Culture

Beit: No Life, No Harvest

Read more from our monthly poetry series BEIT, here.

The following is a selection from our monthly poetry series BEIT. Mondoweiss recognizes and values the power of poetry to help us re-imagine our perceptions, ideas, and possibilities for the world.

To learn more about BEIT and submit poetry please visit here.


Mama tells me people are asking:
For how long will the trees continue to be watered?
        One lesson after death teaches
        questions you inherit as part of inheritance.
        Mourning periods are for those who remain,
                not what remains,
        not for the home, nor for the land.
        There is no scripture on grieving the home, the land left behind,
        just one person less leaving their footmarks in the soil,
        and us to mourn their absence.
What’s the alternative?

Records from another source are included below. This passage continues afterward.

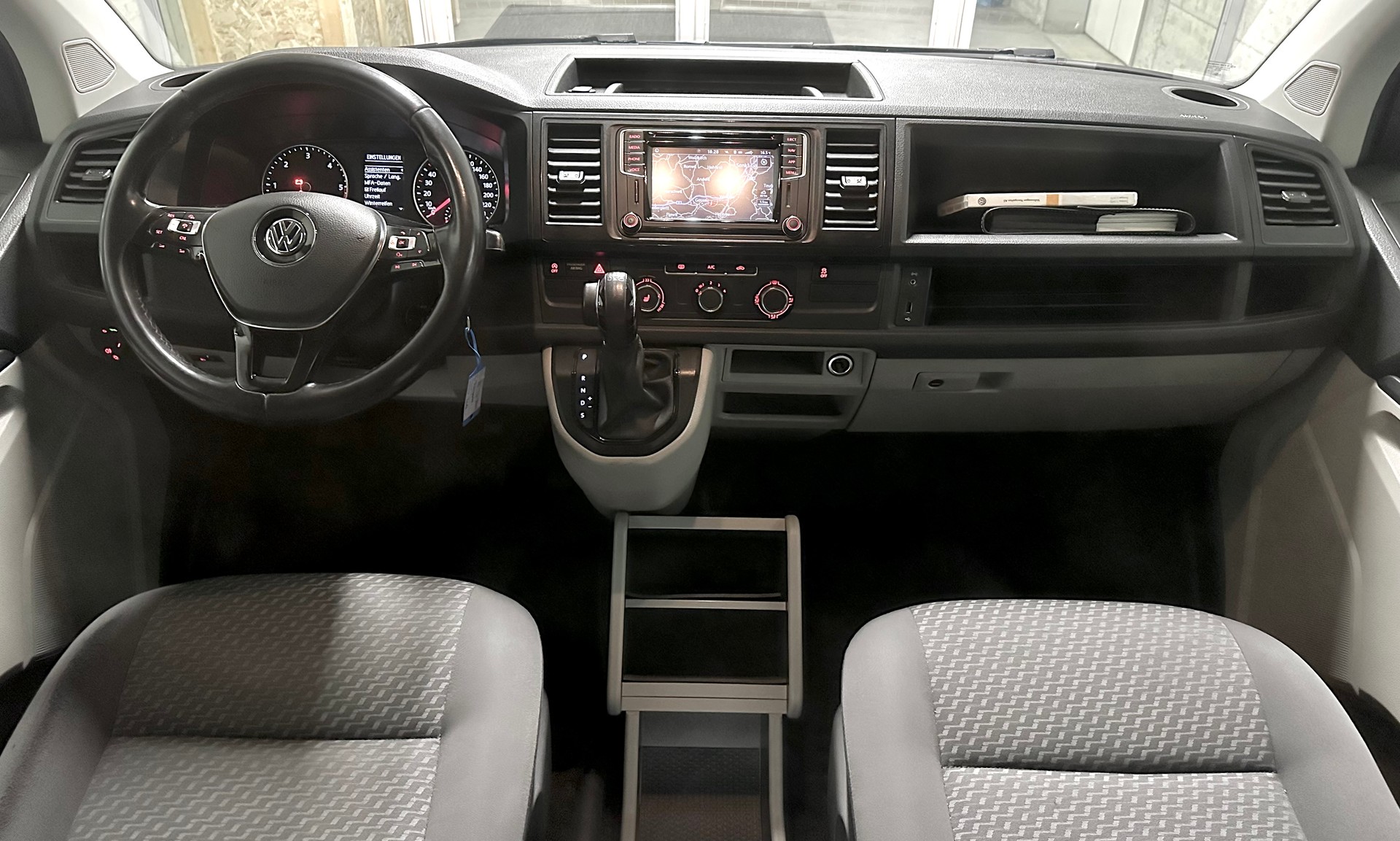 VW T6 2.0 TDI 4Motion DSG-image-15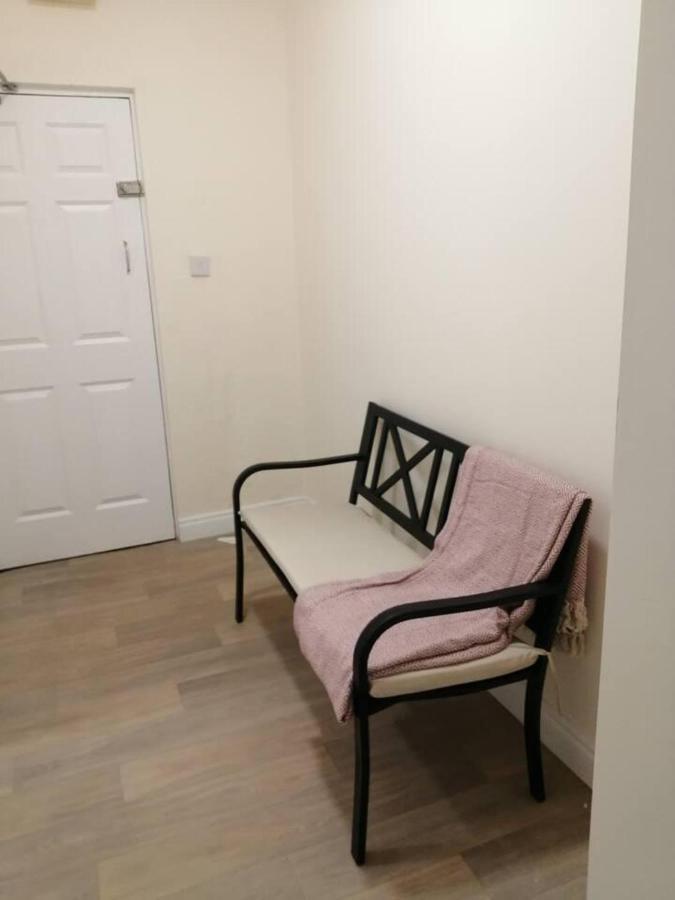 Charming 1-bed In Appartement *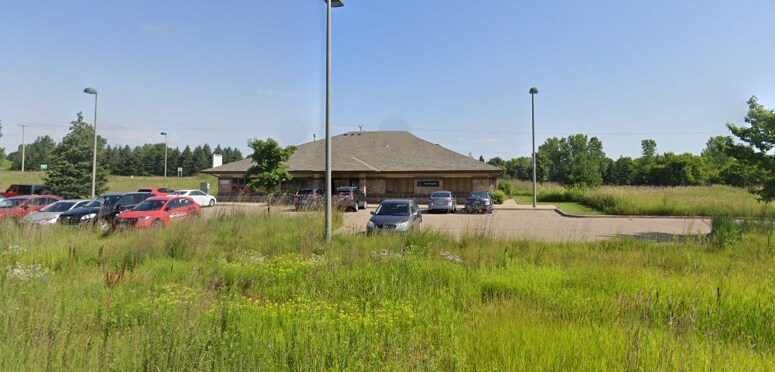 8955 33rd St N, Lake Elmo, MN for Sale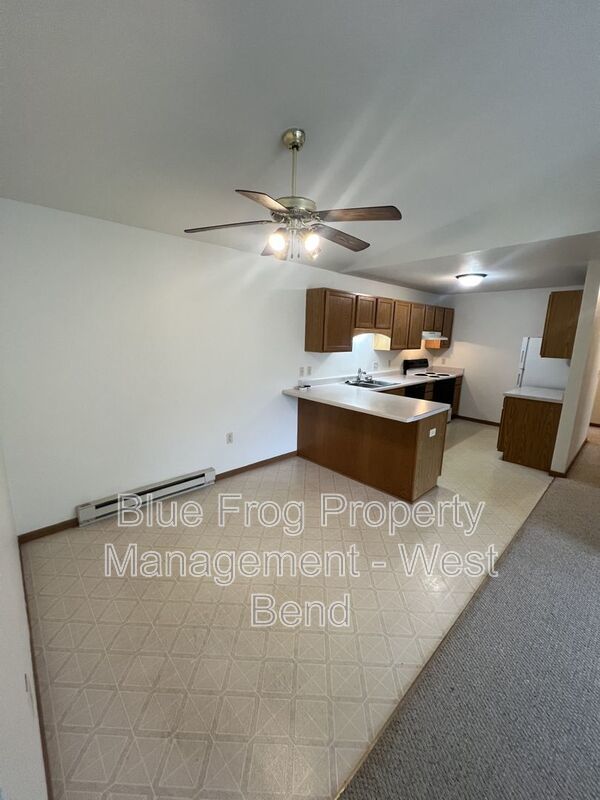 2 Bedroom / 1.5 Bath Upper Unit with Attached Garage property image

I ask.
        I cannot accept the alternative,
        which is to say
                the fruits are no longer,
        and that’s to say
                no life,
        and that’s to say
                no harvest.
        The alternative is the ultimate death after death.
Mama, I want to say,
How does one go from accepting Siti’s invitation to
Come, let’s go water the trees to
wondering when the water will be cut off?
        As if there are no attempts to burn
                our livelihoods
        whilst trying to
                claim our lives.
        Did they forget that in the woman
        holding on to an olive tree
        there are women who
                harvested it,
        which is to say
                gave life to it?
        In ghorbah, I learned you can learn
                something new
        about something you thought
                you outgrew.
        In ghorbah, an unexpected man
        asks me to
                marvel with him
        at how olive trees grow in three generations!
        I wonder if he’s ever sat in the shadow of one,
                or if he wants to.
Mama, I want to say, how can we stop
watering something that took three generations to arrive?
        I carry these generations through my senses.
                In a photo,
        Siti next to Sidi,
        A frame of blooming roses around them.
                In music,
        Siti next to Sidi singing
        Mawtini at a graduation ceremony.
        They made love look so easy.
Mama, a friend tells me
she feels like we’re losing a generation.
        three generations ago,
        Sidi was born between
                mawsam el-teen wa el-zaytoon.
        Imagine the olive tree planted
        at his birth,
        what it was witness to,
        the stories collected
        during harvest
        ever since.
Mama, the farmer will never know
if the tree grew or not, if it was harvested or not,
        but the alternative is losing
                what was
        three generations in the making.
        We plant for the future because we,
                you and I,
        are the future they thought wouldn’t be.
Mama, when they ask
For how long will the trees continue to be watered?
Tell them: until the future is guaranteed.